[FFmpeg-devel] Format of decoded subtitles (was: matroska: Identify S_TEXT/UTF-8 tracks as SRT and not TEXT.)

Thu May 31 17:07:33 CEST 2012

Le sextidi 6 prairial, an CCXX, Clément Bœsch a écrit :
> So if I understand well, you would propose a model with libsubconvert
> doing any kind of markup conversion instead of the current model where the
> decoder is "encoding" the event in ASS, bitmap or text?

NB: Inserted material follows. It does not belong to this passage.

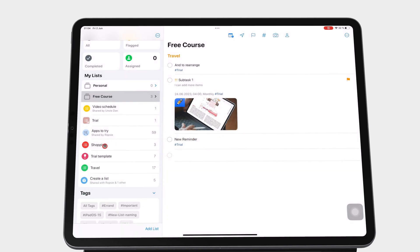Make sure you subscribe for more free courses on different apps. Thank you for watching. See you in the next episode.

Well, it does not need to be a separate library per se, but I really think
we need some kind of:

	ctx = avsub_markup_convert_init(ASS, HTML);
	avsub_markup_convert(ctx, sub_ass, sub_html);

or something.

> It should, for text-based subtitles. At least for the "useful" markup. But
> I admit ASS has some annoying limitations, especially with some particular
> subtitles features:
> 
>  - the first one I have in mind is that there is no text representation
>    for the "last up to the next subtitles" feature. Example: MicroDVD (and
>    SAMI which I'm working on ATM) have features like this:
> 
>    {500}{600}this is printed starting at frame 500 and last until frame 600
>    {1234}{}this starts being displayed at frame 1234...
>    {1400}{}...and will be "replaced" by this text until the end.
> 
>    We can express this in the AVPacket (pkt.duration = -1 for example),
>    but to encode the ASS event, it's not possible to have 00:01:02:03
>    -1:-1:-1:-1 for instance. So we need to workaround this.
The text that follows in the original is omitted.